Читаем Чтобы человек стал Богом полностью

Как бы то не было, нельзя не признавать, что «ни эвклидово пространство, ни необратимое время, которые связаны с нашим обычным интуитивным опытом, не принимаются нашим разумом. Конечно, психологически это трудно представить себе, но и нет никакой логической нелепости в том, чтобы признать неэвклидово пространство или обратимое время».[112]


ж) Выводы, которые мы можем сделать


В заключение мы удовлетворимся некоторыми следующими наблюдениями:

   1) Хорошо известно, что мы более не можем разумно действовать так, будто наше восприятие времени и пространства сказало нам своё последнее слово. Существует тайна времени и пространства. И учёный, и философ не могут более её избегать. Но о том, что из себя представляет эта глубинная реальность времени и пространства, они не могут сказать и, несомненно, не смогут никогда. Но, очевидно, что если брать привычные нам законы времени и пространства в том виде, как мы их воспринимаем, за абсолют, который надо сохранить любой ценой в наших попытках богословского синтеза — мы строим всё на песке.

   2) Без сомнения, читатель заметил чрезвычайную свободу мысли этих людей науки, проходящую через все эти тексты. Они полностью владеют наиболее строгими методами, они знают критические требования разума, они намерены исходить только из реальности, согласуясь наиболее строгим и возможным образом с реальностью. И вот как раз эта забота о верности реальному миру, который нас окружает, эта забота о строгости и критичности толкает их к смелости мысли, увиденной нами.

   3) Но эти гипотезы не даются даром.

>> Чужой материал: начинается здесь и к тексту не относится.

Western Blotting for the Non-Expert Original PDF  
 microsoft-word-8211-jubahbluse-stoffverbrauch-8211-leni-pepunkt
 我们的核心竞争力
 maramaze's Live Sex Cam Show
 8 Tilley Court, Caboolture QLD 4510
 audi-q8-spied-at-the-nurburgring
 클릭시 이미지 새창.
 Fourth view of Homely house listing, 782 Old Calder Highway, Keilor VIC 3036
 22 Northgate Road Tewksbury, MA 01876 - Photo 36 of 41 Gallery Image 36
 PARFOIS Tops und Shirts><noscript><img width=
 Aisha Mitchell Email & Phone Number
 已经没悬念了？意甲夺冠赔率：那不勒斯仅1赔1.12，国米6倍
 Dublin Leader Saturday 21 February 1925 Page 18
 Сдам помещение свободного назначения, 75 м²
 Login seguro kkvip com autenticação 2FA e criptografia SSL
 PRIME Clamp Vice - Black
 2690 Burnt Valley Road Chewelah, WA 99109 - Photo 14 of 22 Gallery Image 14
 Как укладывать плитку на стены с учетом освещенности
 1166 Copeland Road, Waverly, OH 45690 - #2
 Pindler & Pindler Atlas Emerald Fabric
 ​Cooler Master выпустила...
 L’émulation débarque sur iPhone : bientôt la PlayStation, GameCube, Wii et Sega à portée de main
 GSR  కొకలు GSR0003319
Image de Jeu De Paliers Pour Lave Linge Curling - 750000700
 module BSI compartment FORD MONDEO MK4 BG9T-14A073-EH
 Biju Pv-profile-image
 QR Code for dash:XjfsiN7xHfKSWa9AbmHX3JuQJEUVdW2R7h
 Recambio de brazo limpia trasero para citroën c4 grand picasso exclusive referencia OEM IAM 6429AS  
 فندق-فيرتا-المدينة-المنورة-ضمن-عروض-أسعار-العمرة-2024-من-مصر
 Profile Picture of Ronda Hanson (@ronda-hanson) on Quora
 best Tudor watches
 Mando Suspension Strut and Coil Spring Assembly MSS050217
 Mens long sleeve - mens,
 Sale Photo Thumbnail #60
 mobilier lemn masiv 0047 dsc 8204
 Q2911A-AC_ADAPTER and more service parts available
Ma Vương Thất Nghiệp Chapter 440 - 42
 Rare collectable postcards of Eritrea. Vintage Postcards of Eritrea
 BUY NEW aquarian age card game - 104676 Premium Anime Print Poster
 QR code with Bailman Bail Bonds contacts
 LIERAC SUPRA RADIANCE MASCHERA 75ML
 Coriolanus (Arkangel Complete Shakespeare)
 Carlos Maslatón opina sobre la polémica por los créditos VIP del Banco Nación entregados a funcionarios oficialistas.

Если научная и рациональная строгость учёных не заставляет их отступить перед гипотезами, с первого взгляда наиболее фантастическими, то это совсем не значит, что они их разработали для своего удовольствия и ради того, чтобы поиграть в эстетов… Их великий критерий в этих исследованиях остаётся тем же, что и для любой умственной работы, и он состоит в наибольшей понятности наблюдаемой действительности. Насколько они будут требовательны и строги к выбору фактов, условиям их наблюдения и их воспроизведению, настолько же затем они готовы допустить и даже искать любую гипотезу, как бы странной она сначала ни казалась, только бы она позволила лучше понять наблюдаемые явления. «Лучше понять» — это значит понять более простым способом с большей экономией средств и при соотношении между большим числом фактов и меньшим числом исключений. Приведение к единству остаётся постоянной заботой при всяком усилии ума. «Лучше понять» — это, в конечном счёте, лучше охватить глубокое единство, скрытое под стольким числом различных явлений. Но, конечно, в каждой новой гипотезе наблюдение и вычисление должны подтвердить, насколько новое предложенное понимание проявляется более удовлетворительно и эффективно, чем старое.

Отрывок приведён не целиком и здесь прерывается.